Beltane Encounters with the Otherworld

The energy of the ritual still hung in the air, shimmering in the light of the Beltane full moon. I was alone in the garden, tidying up the lanterns and getting ready to put the fire to bed. As I walked down the garden steps, my offering of milk and honey in my hands, I made my way across the lawn to where the altar and offering place lay beneath the canopy of an old beech, its leaves just beginning to bud. I said a quick prayer as I entered that sacred space, with nine small stones delineating the boundary of this “faerie circle”, a minilithic stone circle that I built last year.

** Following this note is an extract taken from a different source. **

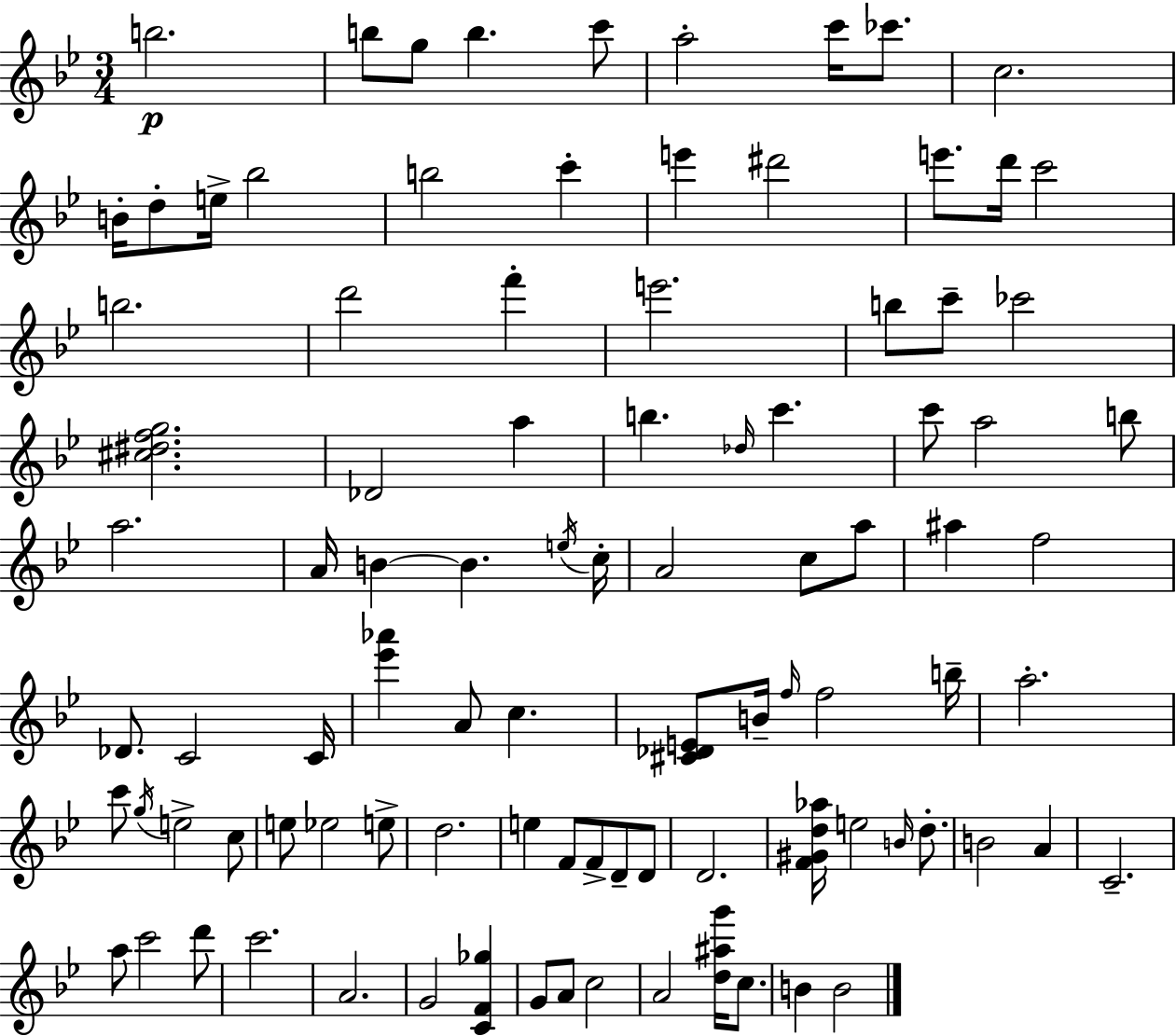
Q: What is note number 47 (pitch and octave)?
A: Db4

As I walked into the circle, I felt the air thick with the magic of the evening. I knew something was about to happen. I laid the food and drink upon the altar, and gave my thanks to the spirits of place, and to the Good Folk. No sooner had the words left my mouth, than a rustling in the hedge all around me began, as if some strange wind was shaking just the coniferous boundary of my garden, or a small army of badgers were all coming through the little holes in the hedge at the same time. My heart pounded in my chest as the moon shone through the branches of the beech above me. Frozen in place, excited and both frightened to see what happened next, I tried to see into the darkness of the hedge, shadowed from the moon’s light, but I could perceive nothing but the inky blackness.

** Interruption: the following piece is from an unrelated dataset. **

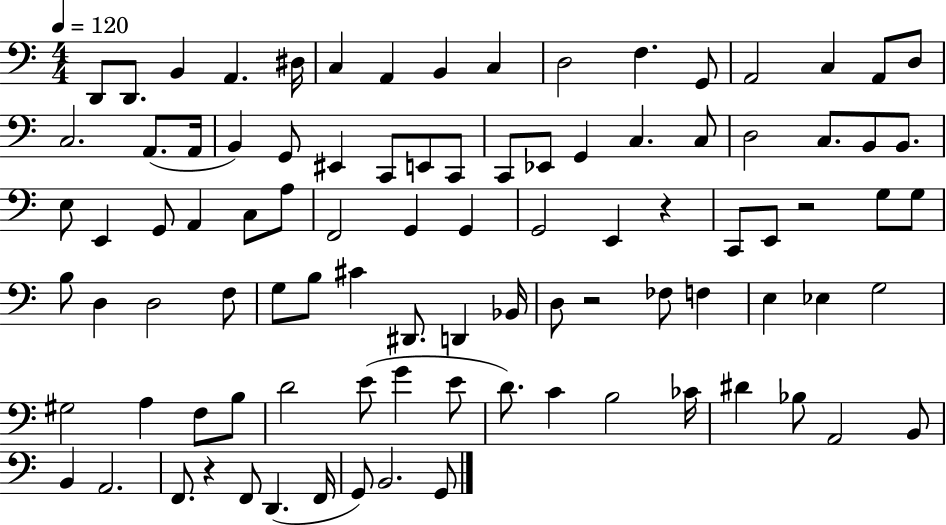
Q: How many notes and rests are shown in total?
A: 94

The rustling all around me stopped, and I found I was able to move. I knew that something had come through the hole in the hedge, but I could not see it. Slowly I walked towards the firepit, hoping to see what had come through by the light of the fire. I cautiously approached the dying flames, and peered into the shadows about ten feet away. I could see very little, but I felt a presence, someone – male – standing by the birdfeeder and the hole in the hedge, standing shoulder-height to me, dressed in shades of brown. Suddenly, even as I looked and felt his presence, he moved without a sound like a dark shadow in the blink of an eye back into the hedge, and there from the depths of the green and black two eyes shone a whitish/green, reflecting the light of the fire. Whatever that being was, he had changed into the form of a badger in the blink of an eye, to watch me from the depths of the back hedgerow.

“Beltane blessings,” I murmured. Unsure of what to do next and still very much afraid and alone, I curtseyed and then covered the firepit with its iron mesh guard, walking back slowly towards the house. I had wanted to ask for his friendship, and for that of all the Good Folk, but my courage failed me on that night of the full moon, as the powers of Beltane and the Otherwold flowed through the land.

I only hope that he will return, and soon.